Two Chicago cops have been cleared of wrongdoing in the fatal shooting of an African American man in the Mount Greenwood neighborhood three years ago.
Based on any fair reading of the evidence, in our view, that’s the right call.
The clash that led to the shooting on 111th Street on that fateful day, Nov. 5, 2016, was infused with racial tensions, overt racism and all around bad behavior, as made clear in a 46-page report released Tuesday by the Civilian Office of Police Accountability. But on the central question — was the officers’ use of deadly force defensible — the report concludes that the officers’ actions were “within department policy.”
Any “reasonable officer” in the same position, COPA states, “would have believed the use of deadly force was necessary to prevent death or great bodily harm to himself or another.”
We live in tense times with respect to relations between the Chicago police and many city residents, particularly African Americans. This editorial page has consistently deplored police abuses of civil liberties, and we have championed wholesale reform of the practices and culture of the Chicago Police Department.
We understand, that is to say, why protesters took to the streets after the two officers shot and killed 25-year-old Joshua Beal in Mount Greenwood. It came less than a year after City Hall released video of the police shooting of teenager Laquan McDonald — a transparent outrage — and the city also had witnessed other recent abuses of police authority. The shooting on 111th Street felt all too familiar.
But we would ask those same protestors now to read COPA’s full report. Consider the chaos and tumult of that afternoon, as described by 17 civilian witnesses — including five members of Beal’s family — five police officers and four Fire Department employees. Ask yourself what a police officer is supposed to do when an angry young man pulls a gun — and points it — on a busy street on a Saturday afternoon.
Good ol’ Chicago racism triggered the melee. Of this we have little doubt.
Beal and members of his family had just left a funeral at Mount Hope Cemetery and were driving down 111th near Kedzie Avenue. The cars of the mourners, according to witnesses, were weaving in and out of traffic and had stopped in a fire lane. An off-duty Chicago firefighter — in a neighborhood that’s home to many police officers and firefighters — reportedly told the mourners to get moving.
And the fight was on.
Somebody apparently threw out the N-word. A woman who walked out of a hardware store apparently was threatened by a number of the mourners. A Fire Department trainee apparently was stomped on.
An officer pulled his gun. He also showed his badge and identified himself as a cop.
Much of what went down will remain forever in dispute. But there is no doubt that Beal returned to his black Dodge Charger and grabbed a gun. And there is little doubt that he cursed and said something such as, ‘I got a gun, too.” And he more likely than not pointed the gun at the officers or others, aiming over the top of his vehicle.
For a police officer — and for those who would judge the officer’s action — this is the moment of truth.
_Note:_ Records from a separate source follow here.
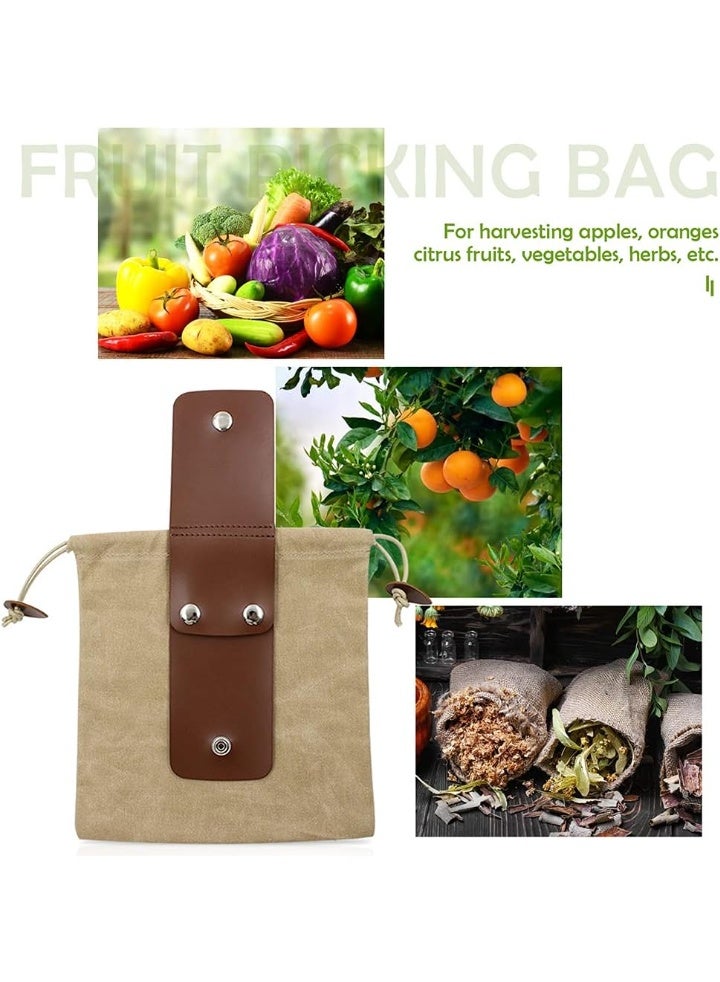 Foraging bag, waxed canvas foldable outdoor camping foraging bag, mushroom storage waterproof leather jungle craft belt, brown travel camping hiking bag (bag only) ﻿ - Image 2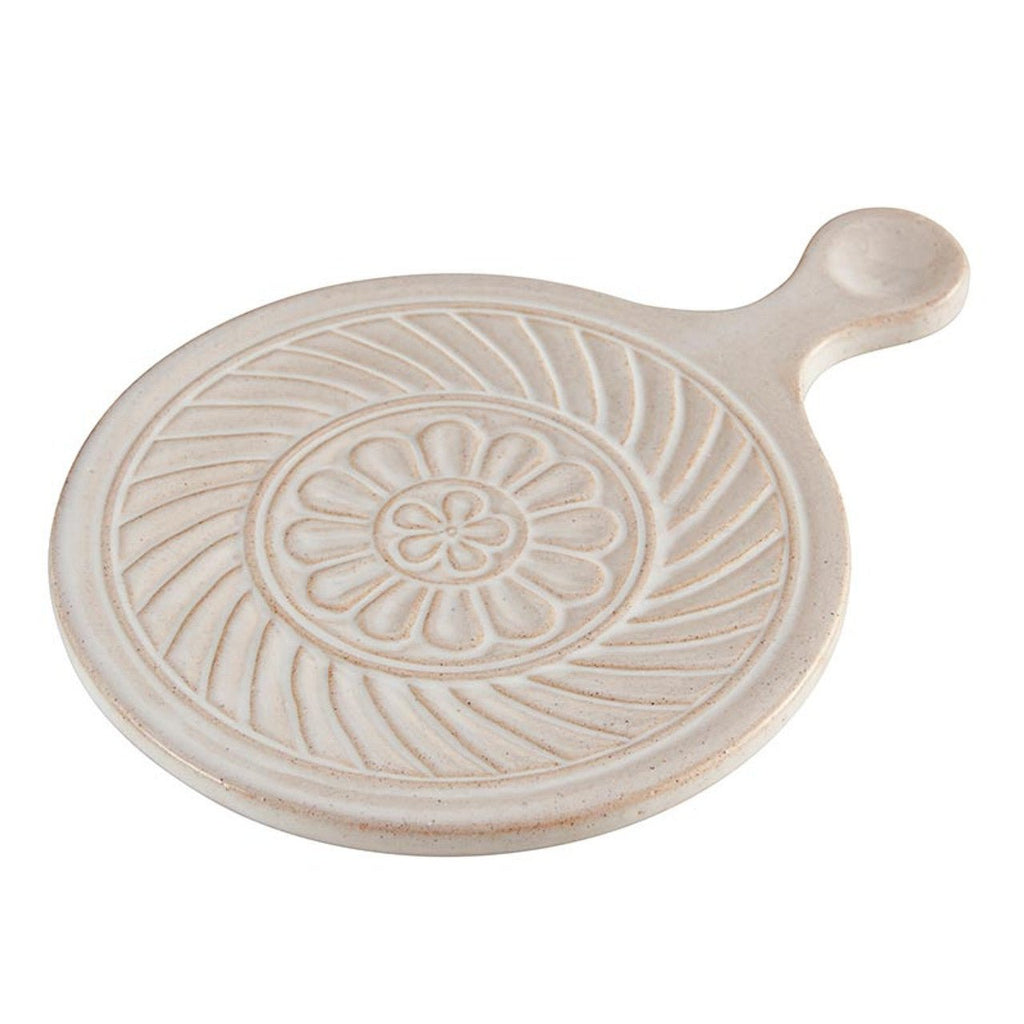 Embossed Mini Stoneware Trivet | Rustic Hot Dishes Ceramic Stand | 5" Diameter Kitchen & Dining La Vie Bien Embossed Mini Stoneware Trivet | Rustic Hot Dishes Ceramic Stand | 5" Diameter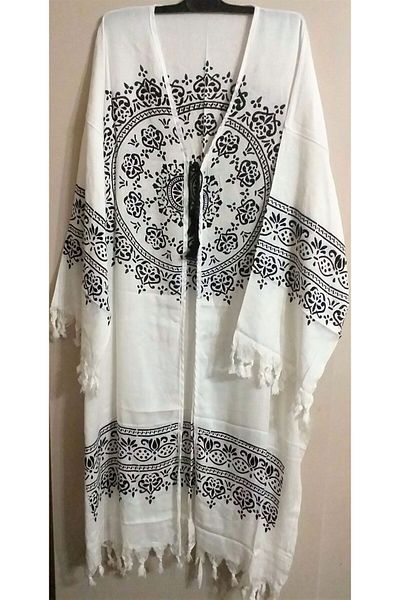 Sunsurf Tokat Stone Print Kaftan Pareo Alb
A man has a gun and, by multiple accounts, he has been ordered to drop it but will not.
Officers in this situation are trained to shoot. For their safety, and for the safety of others. All else — the racial taunts, verbal threats and general stupidity — becomes background noise.
There is no doubt, as the COPA report states, “that this incident emanates from a racially tinged confrontation between people who live in the neighborhood where it occurred and people who were merely driving through it.”
But there is also no doubt, as the report states, that the two officers who shot Beal — Joseph Treacy and Thomas Derouin — should be judged only for the “lawfulness” of their own actions.
COPA, as best we can see, called this one right. The agency didn’t have much choice but to clear the two officers of wrongdoing. The preponderance of evidence is that the officers acted within the bounds of their police training and department policy.